Due to the free list use during TiFree() there is a write to each alloc
which will make the cache-line hotter in the cache (less likely to have
been evicted) when using LIFO scheme than FIFO scheme.

Further more the use of HEAD and TAIL had a far more complex
TileStoreFree() than was necessary even for such a list.  A 4 line
method turned into 7 with multiple conditions tested when branching.
The TileStoreFreeList/TileStoreFreeList_end were public symbols which may
also impact the freedom the compiler has to optimise around them.

Using LIFO single-linked-list resulted in the removal of
TileStoreFreeList_end and associated simplification.
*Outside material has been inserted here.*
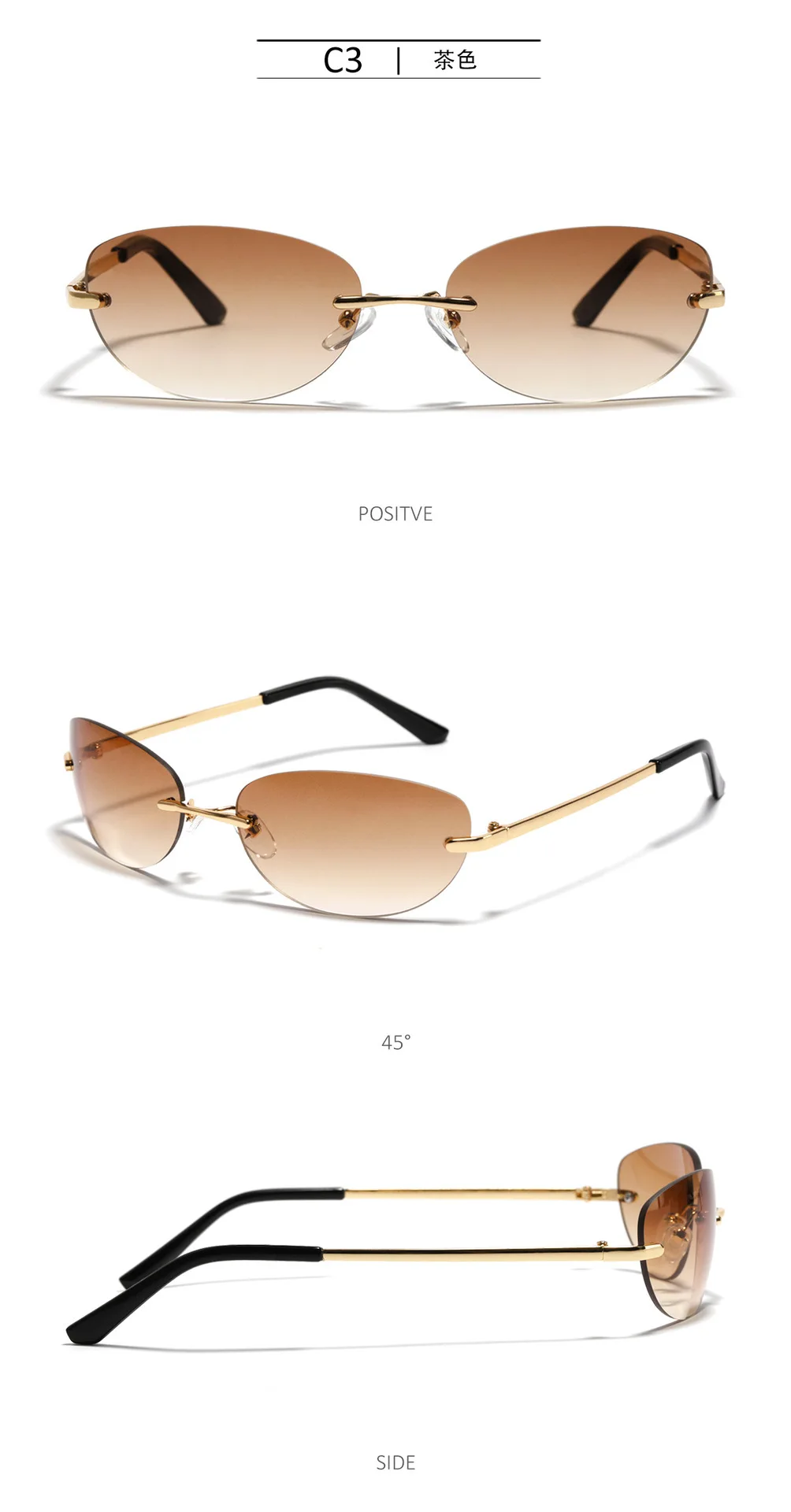 Rahmenlose Y2K-Sonnenbrille für Damen, Neue Mode, Kleine Katzenaugen-Sonnenbrille aus Legierung, Vintage-Fahrerbrille, UV400-Schutz – Detail 6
Use of 'static' for the methods mmapTileStore() and getTimeFromTileStore()
these are not public API so adding the 'static' give the compiler a hint
these methods maybe inlined as they are not accessile from outside this
compliation unit.

The -O3 assembly result looks quite healthy in achieving the original
goal of instruction and branch reductions with the compiler able to
inline all 3 methods into a single TiAlloc().
This commit is contained in:
Darryl L. Miles 2025-01-31 16:25:52 +00:00 committed by R. Timothy Edwards
parent 1c3a059031
commit 51ec834f6c
1 changed files with 25 additions and 22 deletions

View File

@ -663,7 +663,7 @@ TiJoinY(
#ifdef HAVE_SYS_MMAN_H
/* MMAP the tile store */
static signed char
static void *
mmapTileStore(void)
{
int prot = PROT_READ | PROT_WRITE;
@ -676,25 +676,17 @@ mmapTileStore(void)
TxError("TileStore: Unable to mmap ANON SEGMENT\n");
_exit(1);
}
_block_end = (void *) ((pointertype) _block_begin + map_len);
_block_end = (void *) ((char *) _block_begin + map_len);
_current_ptr = _block_begin;
return 0;
return _current_ptr;
}
Tile *
static Tile *
getTileFromTileStore(void)
{
Tile *_return_tile = NULL;
if (!_block_begin && !_block_end)
{
mmapTileStore();
}
/* Check if we can get the tile from the
* Free list
*/
/* Check if we can get the tile from the Free list */
if (TileStoreFreeList)
{
_return_tile = TileStoreFreeList;
@ -704,19 +696,30 @@ getTileFromTileStore(void)
/* Get it from the mmap */
if (((pointertype)_current_ptr + sizeof(Tile))
> (pointertype)_block_end)
void *nextp = (char*)_current_ptr + sizeof(Tile);
if ((pointertype)nextp > (pointertype)_block_end)
{
/* this will trigger for initial allocatation on startup, due to:
* 0 + sizeof(Tile) > 0
* _current_ptr + sizeof(Tile) > _block_end
* so there is no need to explicitly test for that in the allocation path
* the comparison is greater-than (instead of greater-than-or-equal-to)
* so the last block/byte can be allocated
*/
mmapTileStore();
}
_current_ptr = (void *)((pointertype)_current_ptr + sizeof(Tile));
if ((pointertype)_current_ptr > (pointertype) _block_end)
{
fprintf(stderr,"TileStore: internal assertion failure...");
_exit(1);
/* _current_ptr will be updated, so recompute nextp */
nextp = (char*)_current_ptr + sizeof(Tile);
ASSERT((pointertype)nextp <= (pointertype)_block_end, "nextp");
}
return (Tile *)((pointertype)_current_ptr - sizeof(Tile));
void *thisp = _current_ptr;
/* TODO investigate alignment padding, maybe best to pad Tile for this */
/* advance _current_ptr for next time */
_current_ptr = nextp;
return (Tile *)thisp;
}
Tile *